Even with modern technology and DNA testing, however, that’s easier said than done. With very little information to go on, they must piece together details from the scene, like whether the bones were found in a coffin or tomb of some kind, or if they were they found with other remains.
They must also analyze the condition of the bones, and the background of the community where they were found. From that point, an initial biological profile of an individual can usually be assembled, including their age at the time of death, their gender, their stature in the community and any trauma or illnesses they might have had.
The ‘Hastings woman’
The state archeologist’s most conspicuous success in such identifications came in 2014. Construction workers were digging holes to build a new CVS Pharmacy in Hastings when they discovered a set of human bones in a coffin. Initial analysis indicated the remains were from a white woman. Based on the type of nails used in the coffin, experts determined she was probably buried around 1900. Further analysis revealed she was a Euro-American woman who had severe arthritis in one of her hips and died when she was in her late 20s or early 30s.
Thanks to the help of a volunteer historian, the state learned that European settlers started arriving in Hastings around 1853, and the woman had likely been buried not long after that, before formal cemeteries were established. That put her time of death sometime before May 1856. A search of all recorded female deaths in the Hastings area between 1853 and May 1856 turned up only one woman who fit the biological profile: Susan Twitchell Fox.
Originally from New York, both Twitchell Fox and her husband, Hiram Fox, died tragically: Susan at the age of 26 and Hiram during the Civil War. The couple had two daughters, Theresa and Rebecca, who were raised in Hastings area by family and friends.
Eventually, the state was also able to identify individuals who might be Twitchell Fox’s great, great grandchildren, who have agreed to do DNA testing to confirm that finding. “The carbon dating and the DNA testing will really help pull this all together,” said Laurie Beyer-Kropuenske, Director of Community Services with the Department of Administration. “They are willing to take DNA test, but we haven’t had the resources to process that yet.”
‘It would be proper to do something with them’
The processing is where the Minnesota Legislature comes in.

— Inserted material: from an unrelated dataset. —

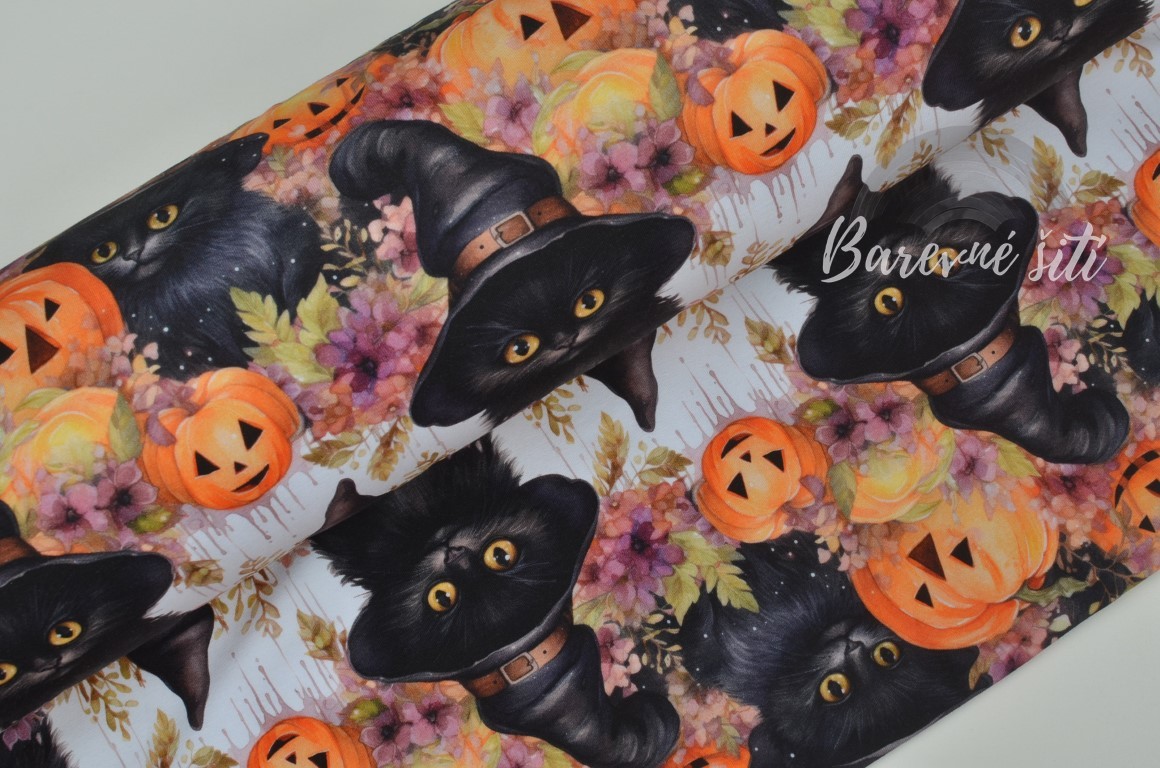 Úplet Halloweenské černé kočky, dýně (E)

That work is time consuming — and expensive. Most of the $107,000 would go to equipment and lab fees, DNA testing and C14 testing, which can help determine what year an individual passed away.
One of the biggest mysteries the state would like to solve is the story behind a handful of leg bones found in 2005 on a site in Northeast Minneapolis between 14th and 15th Streets and Marshall Avenue. The state archaeologist knows the remains belong to several individuals, but because they were mixed together at the site, it’s hard to know exactly how many. For the time being, the bones are sitting in a drawer at Hamline University.

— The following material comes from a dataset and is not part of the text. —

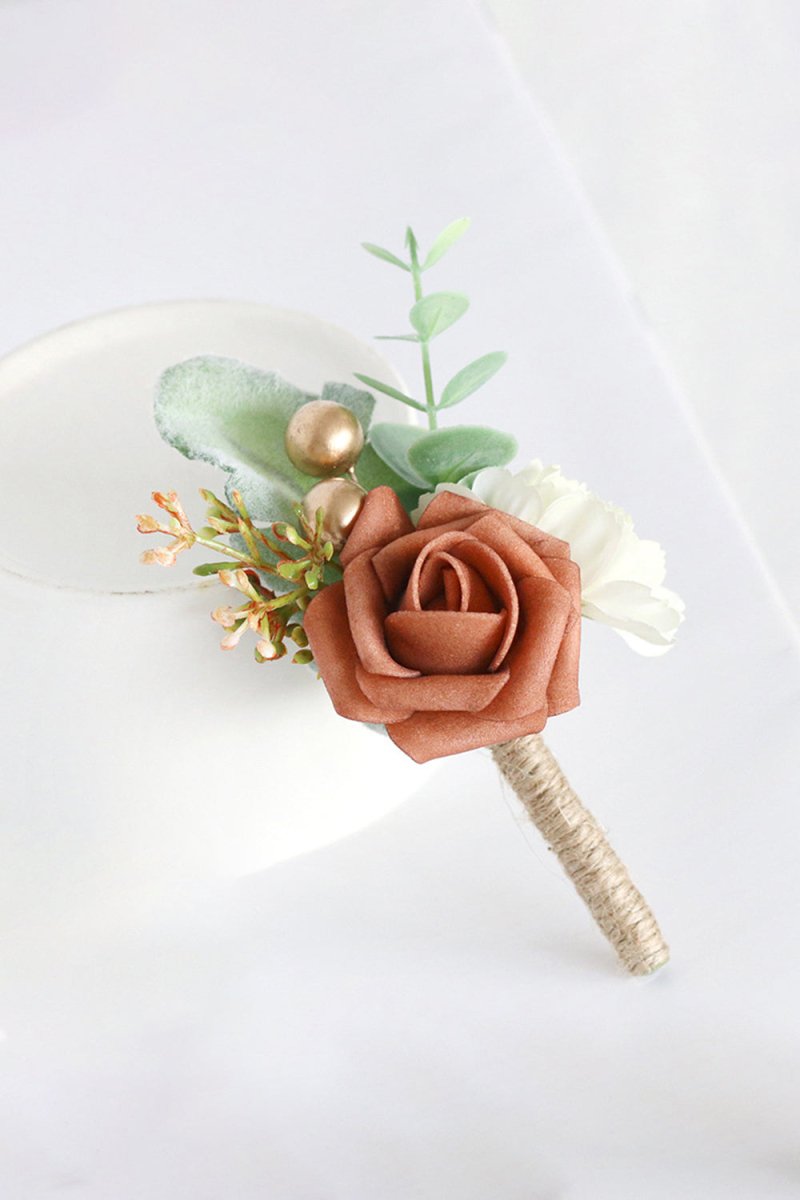 Artificial Silk Roses Wedding Bridesmaid Boutonniere - KissProm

Ideally, the state would figure out the identity of all of the remains and return them to family members, but it’s more likely that some bones will remain a mystery. In those cases, they could remain at Hamline for forensic science students to study, or the state could determine where the person lived and bury them nearby. About $15,000 of the funding would go toward reburial costs for remains that are unidentified.
“We hope with the biological profile will we be able to find out if someone come from Warroad or Hastings,” Beyer-Kropuenske said. “If we can’t find a match, we at least want to find where they lived and died to bury them as close by as possible.”
“It would be proper to do something with them,” Urdahl said. “Nothing’s happened for a heck of a long time.”
The amendment passed the House Ways and Means Committee with little debate among legislators, and the bill will get a full vote on the floor Tuesday. The Senate version of the Legacy funding bill also includes money for the bone research and burial.
But before the amendment passed, Ways and Means Chairman Jim Knoblach couldn’t help but comment on the strangeness of it all. “Will be there be any books written about the amendment?” Knoblach asked.